School Notes: Students Take on the Constitution
If a potential employer or her school principal were to ask for her Facebook password, Hannah Clark of Unity would respond the way many would: “I’d freak out,” she said. According to her reading of the U.S. Constitution, she’d be well within her rights to say no.
The Unity Elementary School eighth-grader pondered whether the Constitution allows employers or school administrators to ask job applicants, employees and students for passwords to social media accounts in an essay she submitted in the 2012 New Hampshire Constitution Day Essay Contest. In her view, the first amendment, which protects freedom of speech, and the fourth, safeguarding American citizens from unnecessary searches, protect people from having to reveal their social media lives to superiors.
Clark’s essay includes some humorous possibilities — including one in which a potential employer asks a job applicant for “a list of people who have poked you on Facebook in the past week” — and logic that made hers one of nine finalists in the middle school division of the statewide contest.

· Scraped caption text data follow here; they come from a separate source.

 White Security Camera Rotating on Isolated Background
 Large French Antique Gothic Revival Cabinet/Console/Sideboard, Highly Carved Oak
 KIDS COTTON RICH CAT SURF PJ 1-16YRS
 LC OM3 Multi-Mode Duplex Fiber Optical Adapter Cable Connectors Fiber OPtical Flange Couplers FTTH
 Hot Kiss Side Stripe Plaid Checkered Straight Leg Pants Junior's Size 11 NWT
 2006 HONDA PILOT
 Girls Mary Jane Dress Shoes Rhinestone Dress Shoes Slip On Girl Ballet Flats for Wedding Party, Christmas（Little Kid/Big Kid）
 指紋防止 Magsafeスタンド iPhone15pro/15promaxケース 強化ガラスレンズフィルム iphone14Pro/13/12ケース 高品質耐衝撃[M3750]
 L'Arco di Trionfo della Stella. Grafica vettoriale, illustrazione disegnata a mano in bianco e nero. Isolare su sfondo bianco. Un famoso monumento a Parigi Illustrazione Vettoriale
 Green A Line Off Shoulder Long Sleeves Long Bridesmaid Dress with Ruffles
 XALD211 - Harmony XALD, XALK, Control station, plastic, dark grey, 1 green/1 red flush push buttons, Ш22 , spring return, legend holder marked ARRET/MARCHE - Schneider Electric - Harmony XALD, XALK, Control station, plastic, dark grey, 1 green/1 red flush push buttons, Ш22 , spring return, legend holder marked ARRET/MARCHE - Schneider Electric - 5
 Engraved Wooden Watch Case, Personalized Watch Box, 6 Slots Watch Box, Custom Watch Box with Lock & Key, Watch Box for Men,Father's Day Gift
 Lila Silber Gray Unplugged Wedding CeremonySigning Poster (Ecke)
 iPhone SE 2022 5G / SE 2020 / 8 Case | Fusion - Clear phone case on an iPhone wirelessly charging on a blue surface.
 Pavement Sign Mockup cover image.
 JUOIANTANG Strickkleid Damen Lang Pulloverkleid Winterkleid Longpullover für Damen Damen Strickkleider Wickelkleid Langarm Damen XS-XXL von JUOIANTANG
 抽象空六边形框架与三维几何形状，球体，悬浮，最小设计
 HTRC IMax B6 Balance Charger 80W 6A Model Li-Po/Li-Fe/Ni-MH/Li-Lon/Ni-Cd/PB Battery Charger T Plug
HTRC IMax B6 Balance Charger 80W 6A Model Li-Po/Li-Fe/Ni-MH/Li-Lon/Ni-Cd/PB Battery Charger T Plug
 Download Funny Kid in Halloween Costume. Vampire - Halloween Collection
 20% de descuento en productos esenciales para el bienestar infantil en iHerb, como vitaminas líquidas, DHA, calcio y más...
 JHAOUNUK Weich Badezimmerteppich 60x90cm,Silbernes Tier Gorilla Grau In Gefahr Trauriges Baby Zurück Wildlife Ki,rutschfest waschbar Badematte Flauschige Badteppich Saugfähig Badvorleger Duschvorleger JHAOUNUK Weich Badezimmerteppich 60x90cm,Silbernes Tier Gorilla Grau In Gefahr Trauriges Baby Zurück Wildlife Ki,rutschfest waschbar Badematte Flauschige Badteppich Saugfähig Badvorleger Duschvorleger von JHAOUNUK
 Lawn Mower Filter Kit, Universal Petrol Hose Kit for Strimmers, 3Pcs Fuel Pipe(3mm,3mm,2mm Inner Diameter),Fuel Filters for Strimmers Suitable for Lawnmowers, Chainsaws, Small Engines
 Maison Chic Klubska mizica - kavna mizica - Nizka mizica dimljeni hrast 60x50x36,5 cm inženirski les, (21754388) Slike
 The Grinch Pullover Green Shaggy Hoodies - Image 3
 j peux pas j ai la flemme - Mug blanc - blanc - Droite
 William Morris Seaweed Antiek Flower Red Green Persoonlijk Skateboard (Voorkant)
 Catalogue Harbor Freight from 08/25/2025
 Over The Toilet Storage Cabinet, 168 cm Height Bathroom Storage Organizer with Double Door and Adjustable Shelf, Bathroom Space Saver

The assignment “was kind of easy,” Clark said, “because I’m obsessed with Facebook.” She also had the chance to consider the implications that the U.S. Constitution, a 225-year-old document, could have in her life.
“I didn’t realize how it’s impacted teenagers as much as it has,” she said.
Sponsored by the New Hampshire Supreme Court and nine newspapers, including the Valley News, the Constitution Day Essay Contest is designed to encourage students like Clark to ask serious questions about the Constitution.
Will Weatherly, a Lebanon High School sophomore who was a finalist in the high school category, said he’s “considered following a career path that would lead to being a lawyer of some sort,” but added, “I’ve never considered the actual documents involved” in forming the nation’s laws.
In his essay, “The Constitution in a Buzzing New World,” Weatherly arrived at a similar conclusion as Clark: that the Constitution’s allowances for freedom of speech and protecting citizens against unwarranted searches should prohibit employers from asking for their Facebook, Twitter and Pinterest passwords. Allowing officials to do otherwise creates an invasion of privacy that is, in Weatherly’s words, “unreasonable and unjust.”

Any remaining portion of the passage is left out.